The folks on the 9th Circuit Court of Appeals must have enjoyed this one, it's not every day you can sink your teeth into a good fight involving both the First Amendment and the World's Oldest Profession. Well, not unless Larry Flynt's in court. MSNBC reports that on Thursday, the Court of Appeals decided that the brothels of Nevada were not permitted to advertise their goods and services outside of the counties in the state where prostitution is legal.

Despite urban legend to the contrary, prostitution is legal only in certain counties in Nevada. Please note that this does not include Clark County, where Las Vegas is located. According to MSNBC, the plaintiffs in this case were the owners of the Shady Lady Ranch, the newspapers The High Desert Advocate and Las Vegas City Life, and the ACLU. The lower court in the case found for Shady and friends, holding the law restricting brothel ads to the counties were prostitution is legal to be overbroad and vague as written. The 9th Circuit Court of Appeals disagreed.

The court found that although prostitution is legal in some areas of Nevada, the state still has an interest in limiting the sale of sex through the use of licensing and restrictions on ads. Advertisements are considered "commercial speech" which receives a lower standard of First Amendment protection than other forms of speech (political, religious), so the state may limit this speech by merely proving that it has a substantial interest to protect by doing so.

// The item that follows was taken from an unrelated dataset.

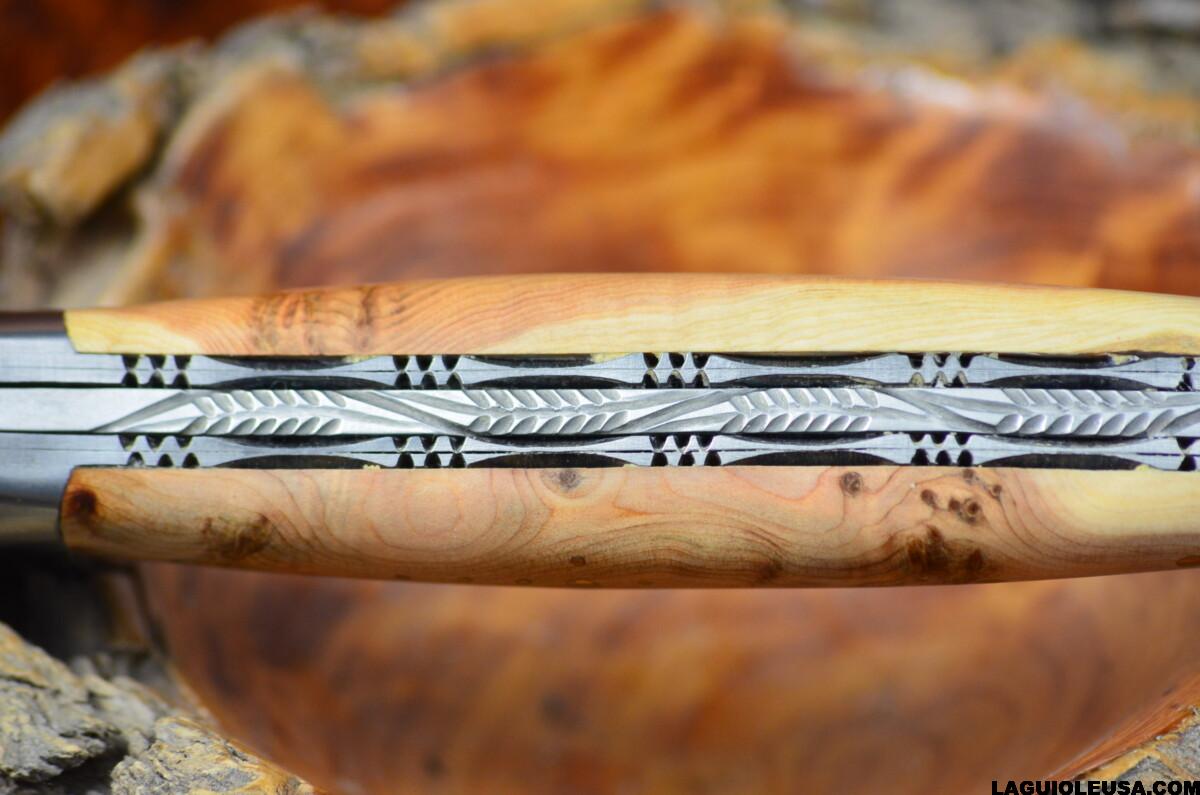 Juniper Wood Handle, Double-plate, Japanese Damascus Blade Laguiole en Aubrac Folding knife - Image 12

"The Nevada laws appropriately limited commercial speech," the 9th Circuit said. "We conclude that the interest in preventing the commodification of sex is substantial." It seems a bit late for that, but the Nevada Attorney General, Catherine Cortez Masto said the state's forty year history of limiting the ads is reasonable and should continue. "The circuit's decision proves there are different ways to deal with the issue without trampling on First Amendment rights," she said.

MSNBC reports ACLU attorney Allen Lichtenstein is considering appellate options. "It's a violation of the First Amendment for the state to restrict advertising by a legal industry, and it's wrong for a court to make exceptions because the state doesn't want to have it advertised that legalized prostitution exists," Lichtenstein said.

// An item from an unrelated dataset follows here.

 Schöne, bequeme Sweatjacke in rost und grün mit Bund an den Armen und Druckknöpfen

Lawyers know that all kinds of entertaining and interesting asides can be found in the footnotes of court decisions. As a final note, here is a fun fact excavated by the 9th Circuit and popped in to footnote 1 (p.3) of the Opinion. It seems that from 1980 until 2009, something known as "indoor prostitution" was legal in the state of Rhode Island. Was this just a mistake or a subtle acknowledgement by the Rhode Island lawmakers that it is just to cold in R.I. for that kind of outside activity? No matter what you might read into the law, it was amended last year to make all kinds of prostitution, indoors and out, illegal in the littlest state.